§ **Your assignment**: Within the entries below, please return exactly the lines from the one with "CCM Hockey Garter Belts Sr & Jr" through the one with "Carlinkit AutoKit Air", leaving out any pictures.

§ **Material shown**:

□ □ □

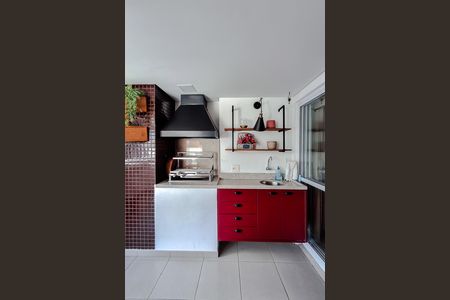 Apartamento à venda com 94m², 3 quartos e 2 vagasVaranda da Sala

□ □ □

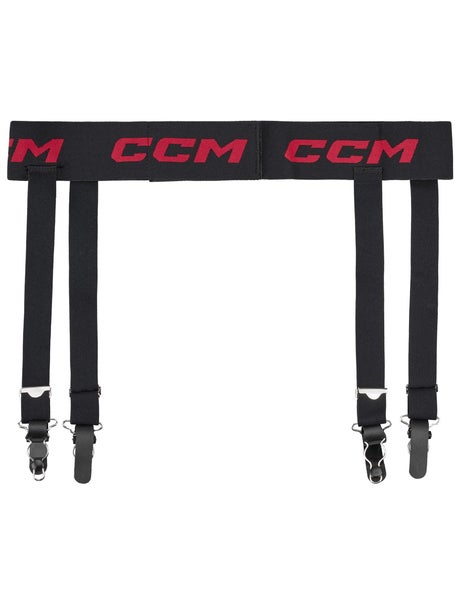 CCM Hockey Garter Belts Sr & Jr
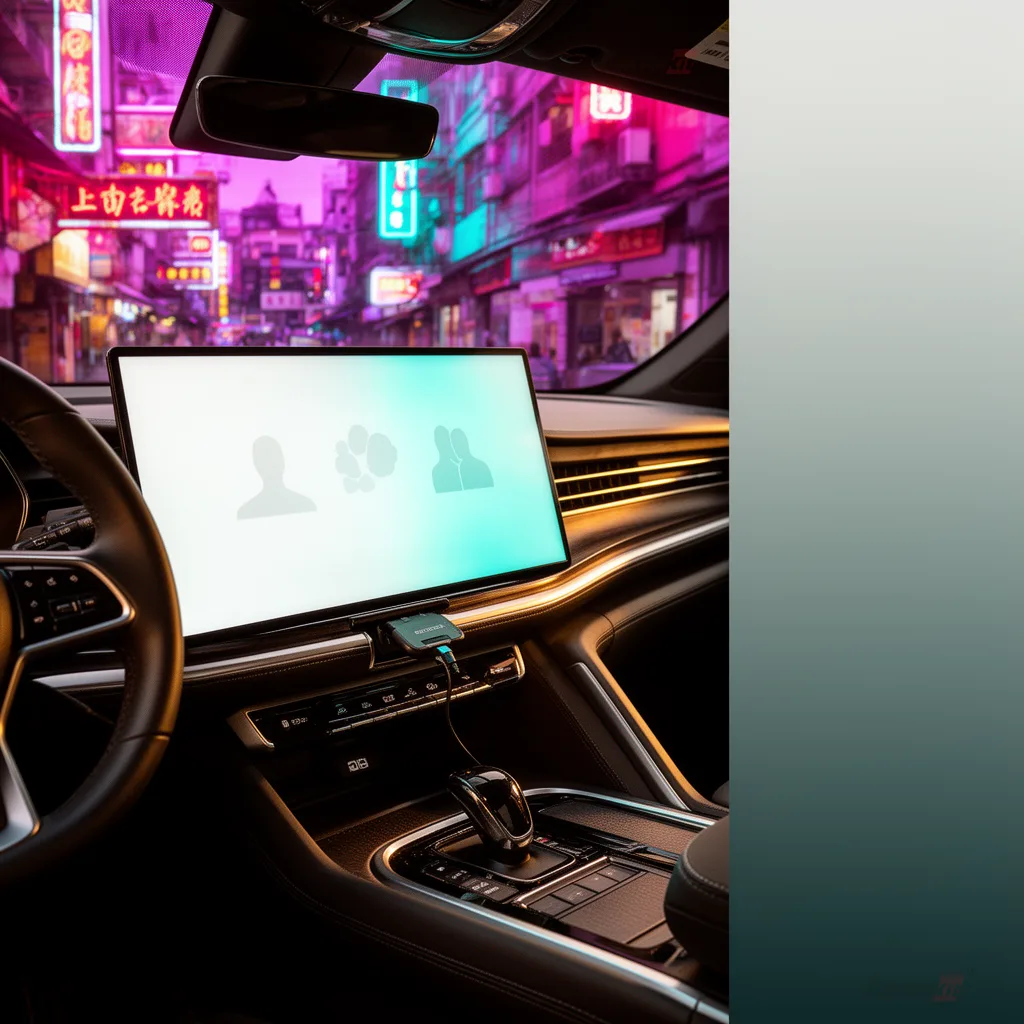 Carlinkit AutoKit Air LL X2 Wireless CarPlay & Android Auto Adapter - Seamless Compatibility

□ □ □

§ **Expected answer**:
 CCM Hockey Garter Belts Sr & Jr
 Carlinkit AutoKit Air LL X2 Wireless CarPlay & Android Auto Adapter - Seamless Compatibility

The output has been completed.